This International Baccalaureate Diploma is recognised throughout the world as an entrance qualification for study at university and other providers of Higher Education. Peter McMurray, Head of Bangkok Schools, St. Andrews International School, explores why this program offers students a world of opportunity. 

In an ever complex and changing world, where the growth of human knowledge is accelerating at a pace faster than ever known to mankind, it is critical that we provide our next generation with the tools to adapt to this world and to succeed in it. I believe that that provision lies in the International Baccalaureate Programmes currently offered in 146 different countries to over 1.1 million students, with 3671 schools authorised to offer one or more of its programmes.

 

I write this as an educator who has worn many hats; an IB Diploma teacher, a Director of IB schools in Europe, the Middle East, Africa and now Thailand, an IB examiner, (for Higher level English), an IB authorization visitor, and most importantly, a parent who saw his daughters through the Middle Years and Diploma Programmes.

 

So why am I a big supporter? Firstly, the Diploma Programme is an all rounded programme that offers students the opportunity to study two languages, the arts, the sciences, and mathematics. It also offers a unique course in the Theory of Knowledge, exploring the nature of knowledge and instilling in students a natural and rigorous tendency to question their world and the veracity of what they see, hear and learn.

In addition, students in their second year write an extended essay which, from parental experience, allows students to go to University well-grounded in independent learning, research, and essay writing. Both my daughters complained to me about the number of their friends who had gone through the traditional “A” level path, who would come to them for help at college on how to reference and how to research for longer papers than they had ever been forced to write. And then there is the ethical piece. Because students are required to perform community service, and explore the concept and principles of service giving, there is a natural discipline of guiding students to want to make their world a better place.

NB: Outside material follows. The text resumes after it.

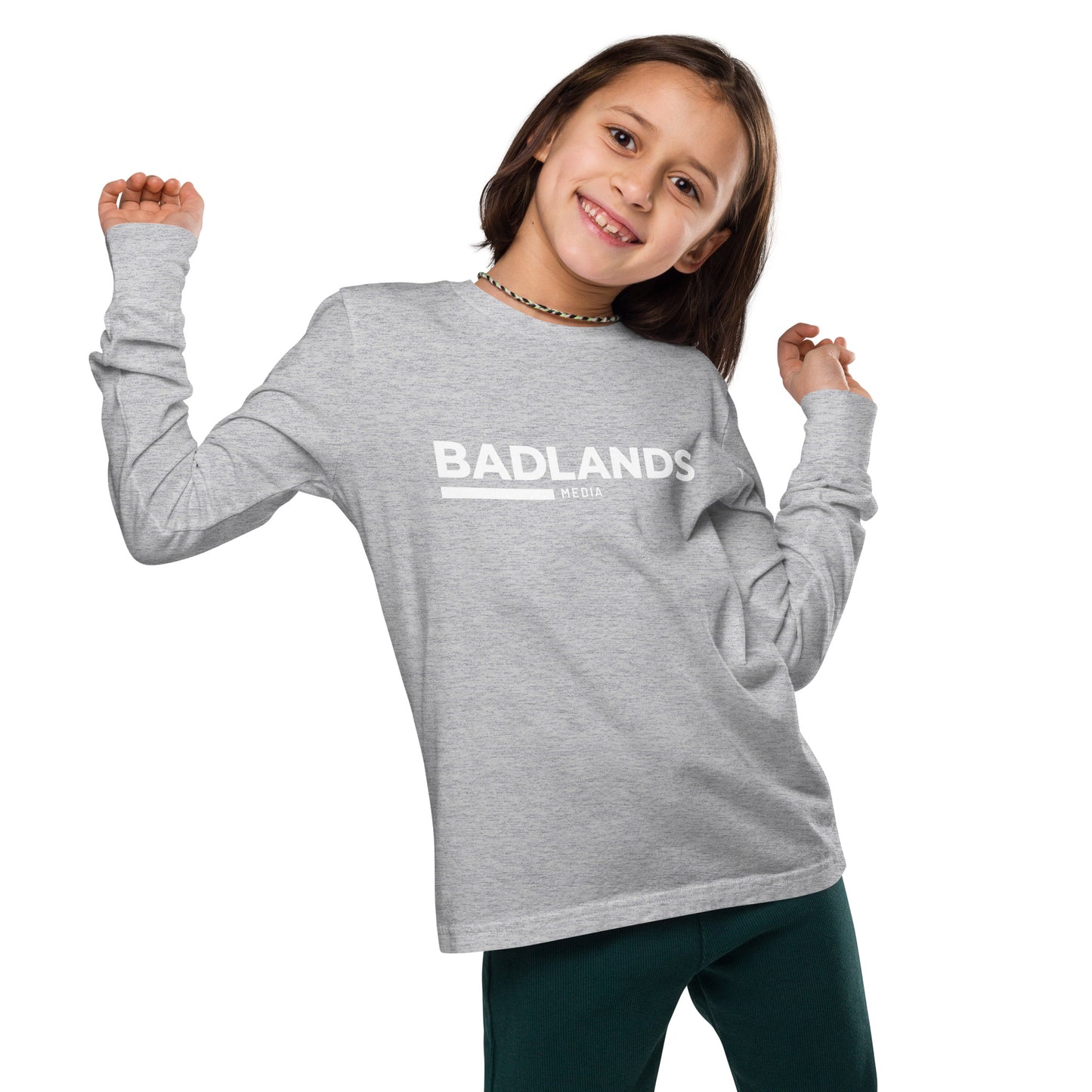 Badlands Kids Unisex Long Sleeve Tee (white logo)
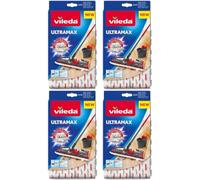 Vileda Ultramax Ultramax - Juego de 4 Fundas de Repuesto para mopa Ultramat, Microfibra, para Todos los Suelos Duros, Apto para lavadoras, Paquete de Ahorro de 4 Unidades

Good Community Action Service programmes, in essence achieve this, but also make it a lifelong process. Both my daughters have chosen careers which have been strongly influenced by those Community Service Programmes: one works in the UK for a charity called the Rainbow Trust, and is assigned to help and support

families who have had a child diagnosed with a terminal illness. My second daughter is an actress who works with a charity group, which uses drama to educate prisoners in UK prisons, (including top security prisons for serious offenders,) about issues revolving around violence to women, homophobia and racism.

The IB programmes instil ethical values which are lifelong, offer strong preparation for both acceptance to top universities and success in them when enrolled: why would I not be a supporter, as well as a proud father?